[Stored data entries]
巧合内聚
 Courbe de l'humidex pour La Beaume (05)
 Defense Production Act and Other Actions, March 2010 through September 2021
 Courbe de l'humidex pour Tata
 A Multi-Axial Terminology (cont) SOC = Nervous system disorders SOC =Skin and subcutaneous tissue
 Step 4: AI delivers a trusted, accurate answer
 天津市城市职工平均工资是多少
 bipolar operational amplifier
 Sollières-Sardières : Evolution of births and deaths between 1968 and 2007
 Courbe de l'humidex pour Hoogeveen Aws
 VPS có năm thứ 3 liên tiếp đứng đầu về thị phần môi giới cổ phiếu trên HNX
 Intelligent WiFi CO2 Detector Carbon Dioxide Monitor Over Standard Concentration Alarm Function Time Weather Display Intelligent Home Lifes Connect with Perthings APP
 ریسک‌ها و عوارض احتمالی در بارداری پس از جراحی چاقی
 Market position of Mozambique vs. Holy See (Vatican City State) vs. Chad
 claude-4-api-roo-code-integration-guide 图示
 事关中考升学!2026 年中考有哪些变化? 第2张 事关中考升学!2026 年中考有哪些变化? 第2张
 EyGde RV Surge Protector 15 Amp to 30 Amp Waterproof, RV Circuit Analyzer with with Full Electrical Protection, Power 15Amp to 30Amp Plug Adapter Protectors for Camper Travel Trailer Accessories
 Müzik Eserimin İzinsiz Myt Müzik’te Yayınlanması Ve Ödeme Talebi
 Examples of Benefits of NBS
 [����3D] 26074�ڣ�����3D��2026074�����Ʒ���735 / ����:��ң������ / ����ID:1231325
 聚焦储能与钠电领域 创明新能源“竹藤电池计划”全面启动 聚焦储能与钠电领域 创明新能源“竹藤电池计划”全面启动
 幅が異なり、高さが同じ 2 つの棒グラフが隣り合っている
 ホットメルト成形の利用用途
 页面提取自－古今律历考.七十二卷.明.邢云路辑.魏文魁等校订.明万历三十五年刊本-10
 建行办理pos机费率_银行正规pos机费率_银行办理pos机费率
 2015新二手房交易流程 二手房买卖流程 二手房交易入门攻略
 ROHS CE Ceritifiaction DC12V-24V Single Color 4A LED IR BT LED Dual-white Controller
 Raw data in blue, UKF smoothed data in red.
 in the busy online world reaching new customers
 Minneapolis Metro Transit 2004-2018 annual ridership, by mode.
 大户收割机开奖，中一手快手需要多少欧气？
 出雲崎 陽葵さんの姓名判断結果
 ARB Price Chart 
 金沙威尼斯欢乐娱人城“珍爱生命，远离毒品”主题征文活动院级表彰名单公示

» Activity:
Using the entries above, give again exactly the lines from the line holding "Step 4: AI delivers" through the line holding "VPS có năm thứ". Include both end lines and nothing else.

» Result below:
 Step 4: AI delivers a trusted, accurate answer
 天津市城市职工平均工资是多少
 bipolar operational amplifier
 Sollières-Sardières : Evolution of births and deaths between 1968 and 2007
 Courbe de l'humidex pour Hoogeveen Aws
 VPS có năm thứ 3 liên tiếp đứng đầu về thị phần môi giới cổ phiếu trên HNX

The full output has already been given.